Ils ne me sont même indifférents qu’en ce qui se rapporte à moi ; car dans leurs rapports entre eux ils peuvent encore m’intéresser et m’émouvoir comme les personnages d’un drame que je verrais représenter. Il faudrait que mon être moral fût anéanti pour que la justice me devînt indifférente. Le spectacle de l’injustice et de la méchanceté me fait encore bouillir le sang de colère ; les actes de vertu où je ne vois ni forfanterie ni ostentation me font toujours tressaillir de joie et m’arrachent encore de douces larmes. Mais il faut que je les voie et les apprécie moi-même ; car après ma propre histoire il faudrait que je fusse insensé pour adopter sur quoi que ce fût le jugement des hommes, et pour croire aucune chose sur la foi d’autrui.

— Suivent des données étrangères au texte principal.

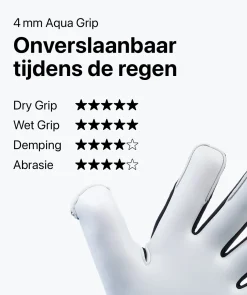 T1TAN Keepershandschoenen Voor Kinderen | Beast Collectie^Petrol Beast Junior Pro 3.0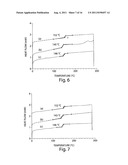 PROTECTIVE POLYMERIC MATERIALS AND RELATED DEVICES diagram and image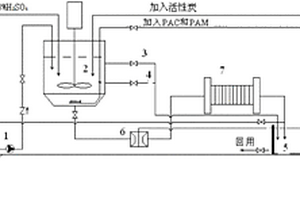 煤气发生站间歇式综合处理系统及其处理方法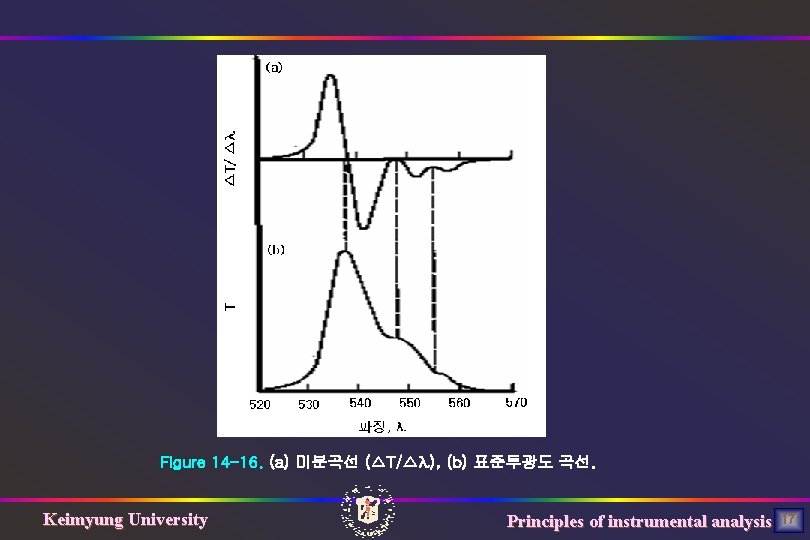Figure 14 -16. (a) 미분곡선 (△T/△λ), (b) 표준투광도 곡선. Keimyung University Principles of instrumental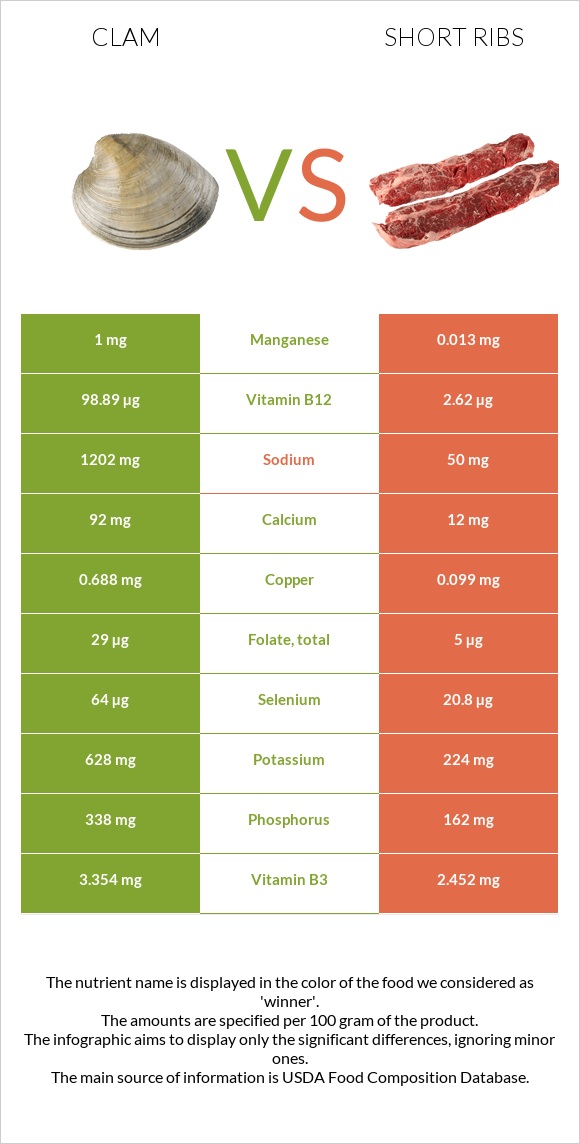 Կակղամորթ vs Short ribs infographic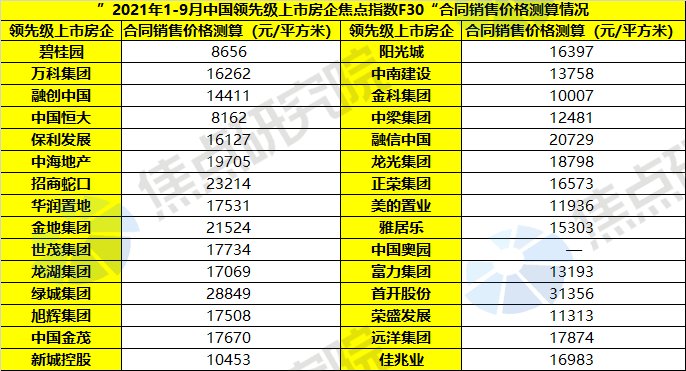 2021年1至9月中国领先级上市房企销售|焦点指数F30 | 销售额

Si ma figure et mes traits étaient aussi parfaitement inconnus aux hommes que le sont mon caractère et mon naturel, je vivrais encore sans peine au milieu d’eux ; leur société même pourrait me plaire tant que je leur serais parfaitement étranger. Livré sans contrainte à mes inclinations naturelles, je les aimerais encore s’ils ne s’occupaient jamais de moi. J’exercerais sur eux une bienveillance universelle et parfaitement désintéressée : mais sans former jamais d’attachement particulier, et sans porter le joug d’aucun devoir, je ferais envers eux librement et de moi-même, tout ce qu’ils ont tant de peine à faire incités par leur amour-propre et contraints par toutes leurs lois.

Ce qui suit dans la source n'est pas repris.